▶ EXERCISE OBJECTIVE
Return the data below in full and exactly, except that the pictures are dropped.

Start of INPUT

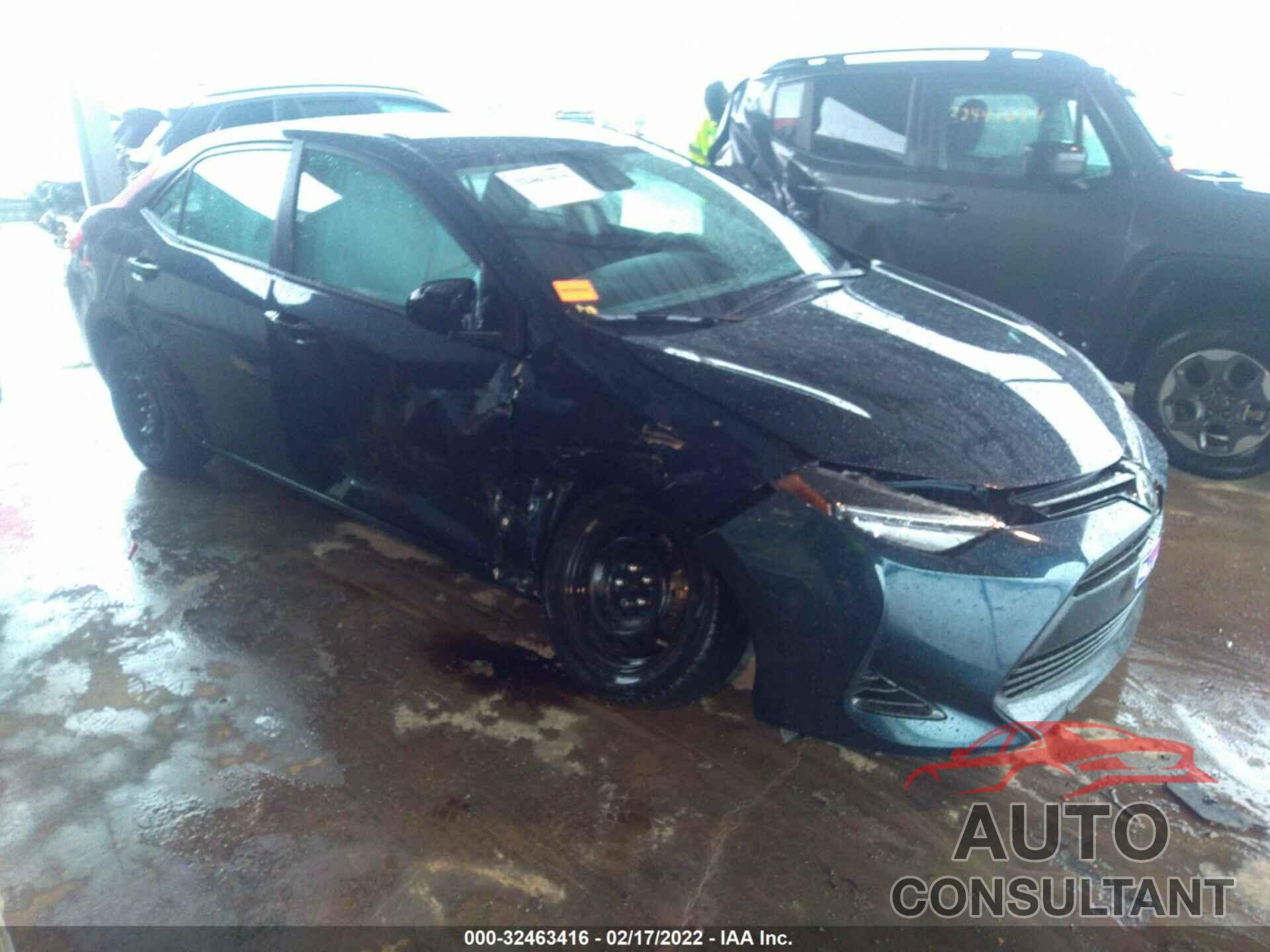 TOYOTA COROLLA 2018 - 2T1BURHE1JC067053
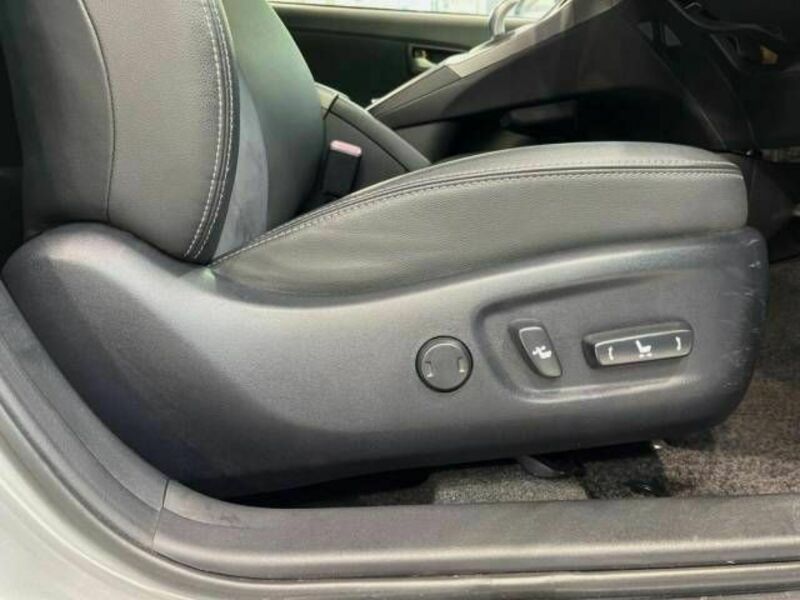 PRIUS-6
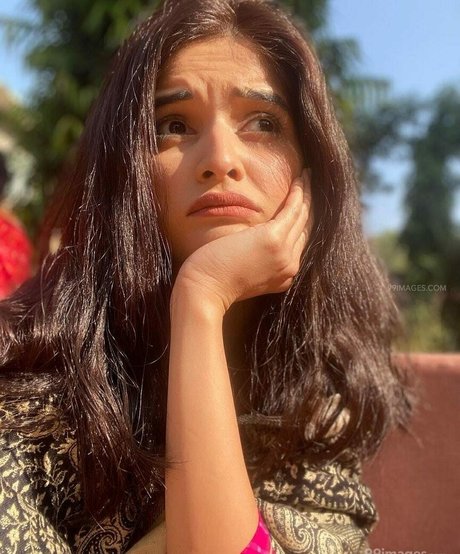 Bhavika Sharma hd actress pictures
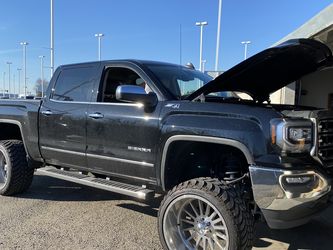 Tow Vehicles Boats /rv 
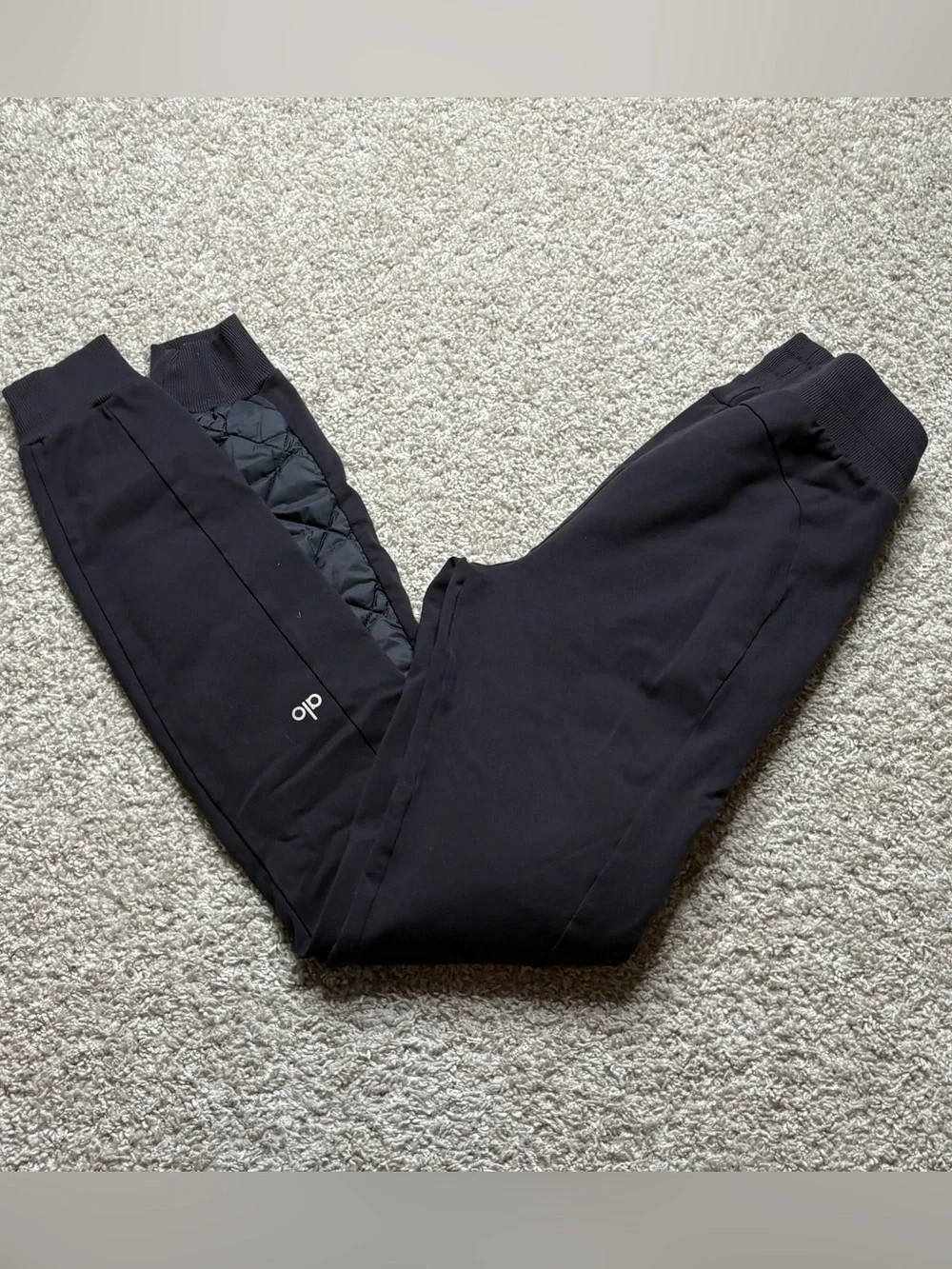 Alo Yoga Airbrush Winter Warm High-Waist Moto Puffer Pant
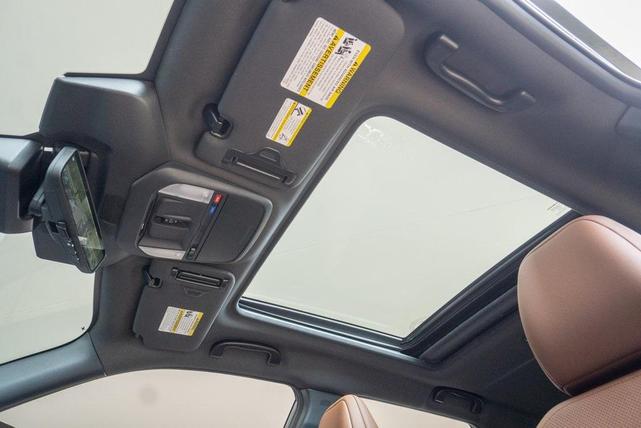 Photo of 2025 Magnetite Gray Metallic Subaru Forester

End of INPUT

▶ WRITTEN RESPONSE
 TOYOTA COROLLA 2018 - 2T1BURHE1JC067053
 PRIUS-6
 Bhavika Sharma hd actress pictures
 Tow Vehicles Boats /rv 
 Alo Yoga Airbrush Winter Warm High-Waist Moto Puffer Pant
 Photo of 2025 Magnetite Gray Metallic Subaru Forester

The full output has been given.